Scaling Laws for Uncertainty in Deep Learning

Abstract

Deep learning has recently revealed the existence of scaling laws, demonstrating that model performance follows predictable trends based on dataset and model sizes. Inspired by these findings and fascinating phenomena emerging in the over-parameterized regime, we examine a parallel direction: do similar scaling laws govern predictive uncertainties in deep learning? In identifiable parametric models, such scaling laws can be derived in a straightforward manner by treating model parameters in a Bayesian way. In this case, for example, we obtain O(1/N) contraction rates for epistemic uncertainty with respect to the number of data N. However, in over-parameterized models, these guarantees do not hold, leading to largely unexplored behaviors.
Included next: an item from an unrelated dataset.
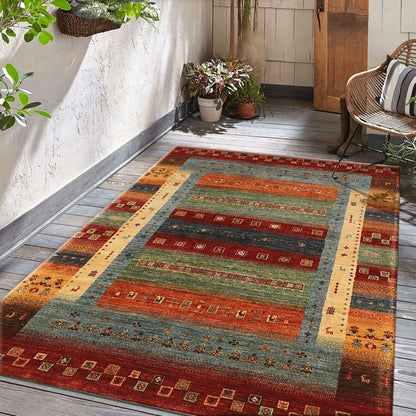 Moroccan Geometric Area Rug — Bohemian Persian Style Luxury Carpet in 9 Sizes & 18 Patterns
In this work, we empirically show the existence of scaling laws associated with various measures of predictive uncertainty with respect to dataset and model sizes. Through experiments on vision and language tasks, we observe such scaling laws for in- and out-of-distribution predictive uncertainty estimated through popular approximate Bayesian inference and ensemble methods. Besides the elegance of scaling laws and the practical utility of extrapolating uncertainties to larger data or models, this work provides strong evidence to dispel recurring skepticism against Bayesian approaches: “In many applications of deep learning we have so much data available: what do we need Bayes for?”. Our findings show that “so much data” is typically not enough to make epistemic uncertainty negligible.

Key Contributions

Overview of Uncertainty Scaling in Deep Learning

Empirical Study: We provide a comprehensive evaluation of predictive uncertainties using a variety of uncertainty quantification (UQ) methods across different architectures, modalities, and datasets. To the best of our knowledge, this is the first study to consider scaling laws associated with any form of uncertainty in deep learning.
Scaling Patterns: We empirically demonstrate that predictive uncertainties evaluated on in- and out-of-distribution data follow power-law trends with the dataset size. This allows us to extrapolate to large dataset sizes and to identify data regimes where UQ approaches remain relevant to characterize the diversity of the ensemble to a given numerical precision.
Theoretical Insights: We derive a formal connection between generalization error in Singular Learning Theory and total uncertainty in linear models. This novel analysis provides an interesting lead to explain the scaling laws observed in the experiments for over-parameterized models.

Methodology Overview

Our investigation spans a wide matrix of experimental configurations, exploring combinations across architectures, datasets, and UQ setups. We evaluate several uncertainty quantification methods:

MC Dropout: Simple and universal baseline with connections to variational inference
Deep Ensembles: Multiple independently trained networks providing robust uncertainty estimates
Gaussian Approximations: Including Laplace approximations and variational inference
MCMC Methods: Gradient-based sampling methods like SGHMC and Langevin dynamics
Partially Stochastic Networks: Inferring only subsets of model parameters

Experimental Results

Uncertainty Scaling Results for ResNet and WideResNet

Our experiments demonstrate consistent power-law scaling behaviors across different architectures and datasets:

Vision Tasks

CIFAR-10/CIFAR-100: Systematic evaluation with ResNet, WideResNet, and Vision Transformer architectures
ImageNet-32: Large-scale validation of scaling behaviors
Out-of-Distribution: Testing on corrupted datasets (CIFAR-10-C, CIFAR-100-C)

Language Tasks

Algorithmic Datasets: GPT-2 trained on modular arithmetic problems showing clear scaling patterns after extensive training
Large Language Models: Experiments with Phi-2 using Bayesian LoRA fine-tuning

Theoretical Connections

We establish formal connections between uncertainty scaling and generalization theory through Singular Learning Theory (SLT). For Bayesian linear regression, we show that:

Total Uncertainty decomposes into aleatoric (data noise) and epistemic (parameter uncertainty) components
Generalization Error in SLT framework relates directly to predictive uncertainty
Power-law Scaling emerges naturally from the theoretical analysis, providing insights into the empirical observations

The theoretical framework suggests that the effective dimensionality of the model, as characterized by SLT, plays a crucial role in determining uncertainty scaling behaviors.

Implications and Future Work

Our findings have important implications for:

Practical UQ: Understanding when epistemic uncertainty becomes negligible and ensemble collapse occurs
Resource Planning: Extrapolating uncertainty behaviors to larger datasets and models without expensive retraining
Bayesian Deep Learning: Providing strong evidence against skepticism about Bayesian approaches in large-data regimes

This work opens several avenues for future research, including investigating uncertainty scaling with respect to model parameters and computational budget, and developing more sophisticated theoretical frameworks to explain the observed phenomena.